Energy Market Report – 10th May 2018
May 10, 2018
- The UK gas and electricity seasonal contracts are trading higher, amid strong and bullish fundamentals
- The Bank of England is expected to decide on changes to interest rates today
- The US inflation data is due to be published today
UK Electricity Prices:
The UK Electricity Day Ahead and Month Ahead shed about £0.2 /MWh this morning, on the back of falling electricity demand. The National Grid demand system is quite comfortable with nuclear, gas fired power stations and wind farms producing enough energy. Once again, we are observing another day without coal in the power generation mix.

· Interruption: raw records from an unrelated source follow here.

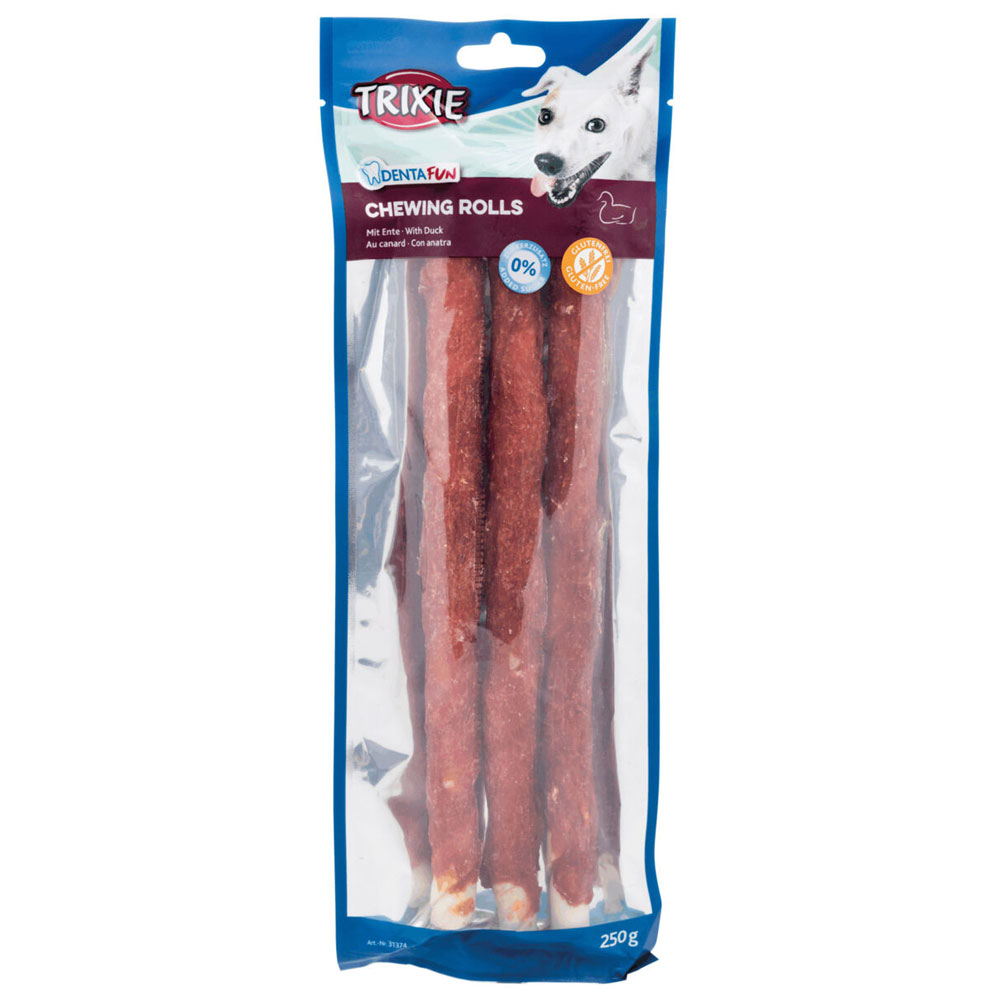 Trixie Denta Fun Duck Chewing Rolls - 28cm/3 Stück 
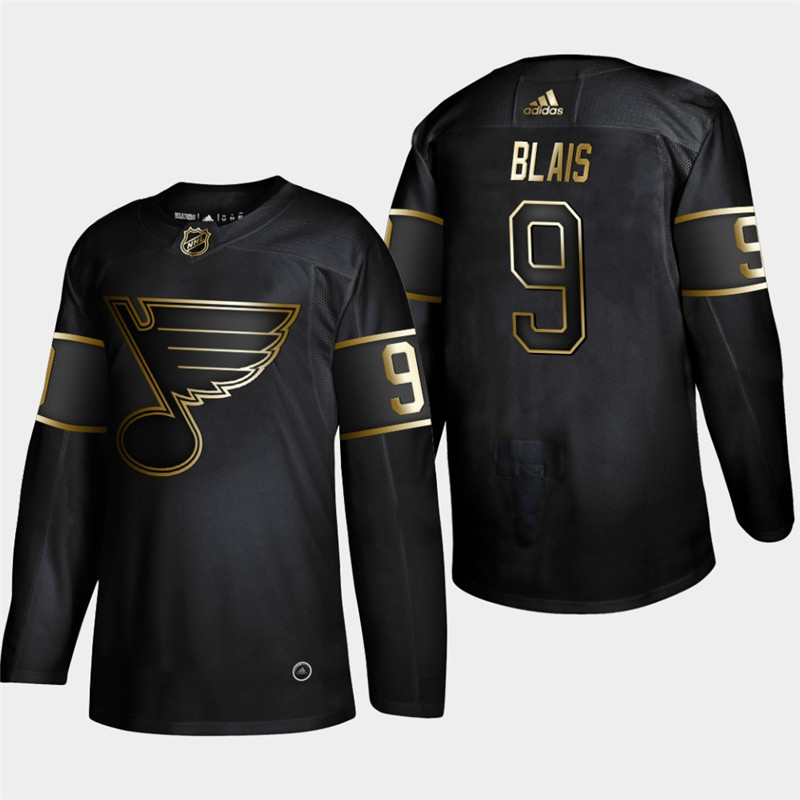 Blues 9 Sammy Blais Black Gold Adidas Jersey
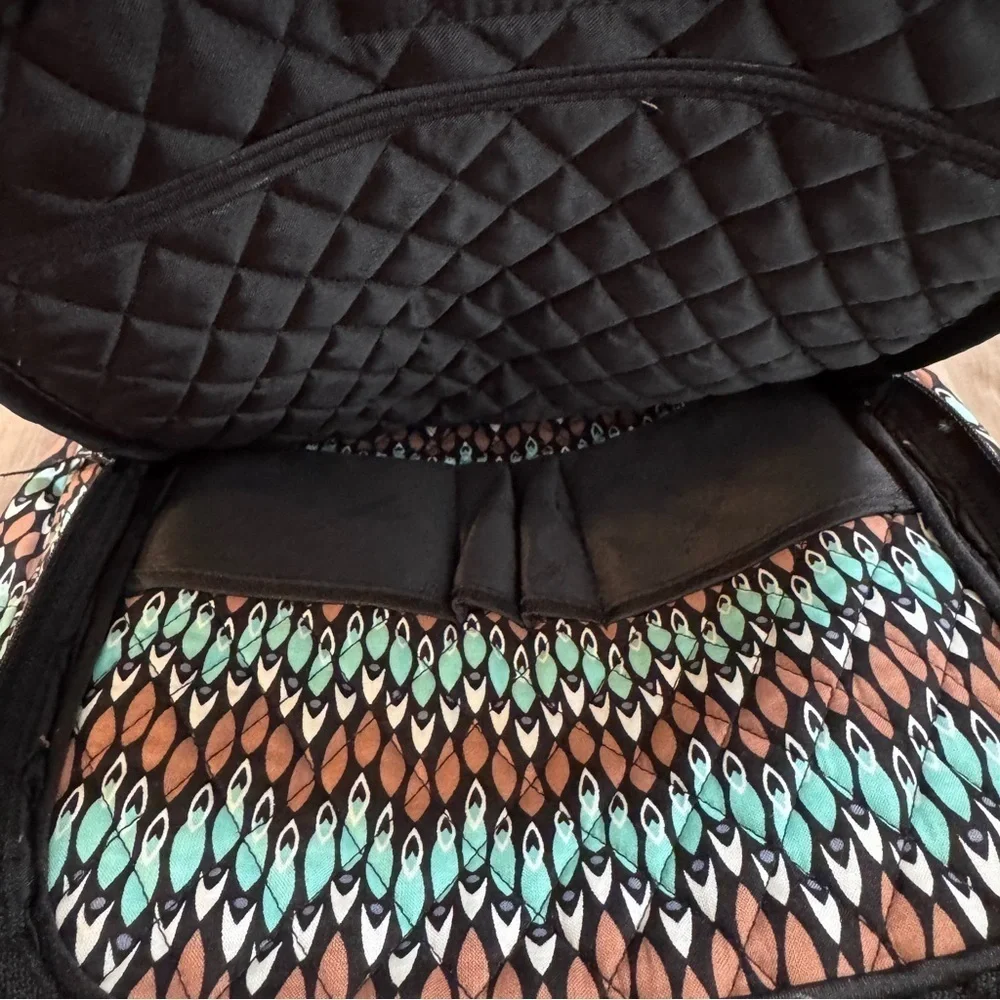 Vera Bradley Campus Backpack Bookbag Sierra Stream Blue Brown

While the spot and prompt contracts are trading lower, the forward curve is up. Rising oil and coal prices provide a bullish sentiment to the UK electricity curve. Coal contracts for delivery in 2019 reached the highest level since January amid rising Asian demand since the beginning of this year. At the same time carbon emission contracts for 2018 delivery reached the highest level ever.
UK Natural Gas Prices:
The prompt gas prices strengthen this morning due to unplanned outages at St Fergus and Kollsness Norwegian processing plants. The Gas demand system is short by about 6 million cubic meters, hence we are observing higher withdrawals from gas storages.
Forward curve contracts witnessed limited activity. While Win-19 and Sum-20 barely changed since yesterday, Win-18 and Sum-19 are trading higher. The seasonal contracts edged up on the back of rising oil prices.
The Bank of England (BoE) is going to decided on whether to increase interest rates today at 12 pm. The current interest rate for the UK is 0.5 %. At the same time UK Industrial production edged up 0.1% month on month in March amid expectations of 0.2% rise.
Elsewhere, all eyes are focus on the U.S inflation data. The actual core U.S inflation is expected to grow up to 2.2%. a jump in inflation would be a signal for the US Federal Reserve Bank to raise interest rates.